Same-sex marriage has, however, become the totemic yardstick for acceptance of gender and sexual diversity, even though it depends upon very conservative underpinnings. As far back as 1996 the cover of the Economist proclaimed ‘Let them wed’, and since then most liberal democracies have followed this advice. I found it grating to be told constantly that Australia was the exception among English-speaking countries, as if language was somehow proof of virtue. ‘The Anglosphere’ is, after all, a favourite reference of Abbott, though not, it seems, when it comes to marriage, where he blithely ignored even the British Tory Party.

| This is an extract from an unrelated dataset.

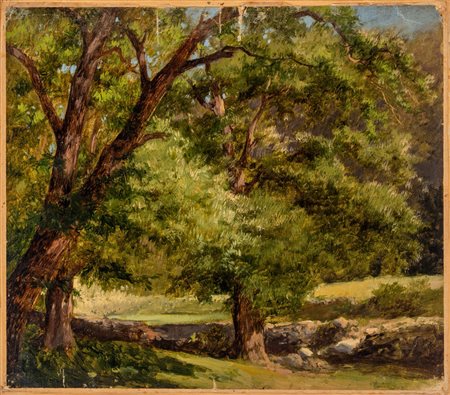 Vittorio Benisson (Torino 1830 - Roma 1880)  - Castagni presso Perè (Pinerolo)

And I was surprised that the media seemed largely unaware how far the language of the Christian right resembled that used by autocrats such as Vladimir Putin and Robert Mugabe.
Speaking on the ABC’s Q&A, Jesuit priest Frank Brennan stressed the difference between religious beliefs and civil law, but that distinction was often lost on the battlefield. In the parliamentary debate, which stretched across several days of the first week of December, Liberal backbencher Andrew Laming gave an equally measured analysis of the difference between state and religious law, a distinction that seemed lost on most of his conservative peers. (Labor MPs who might have had doubts about the legislation were clearly under orders to stay quiet.) There was a certain irony in conservative MPs quoting international covenants on human rights to advance their definition of religious freedom, even if, as Adam Bandt and Mark Dreyfus pointed out, they quoted selectively.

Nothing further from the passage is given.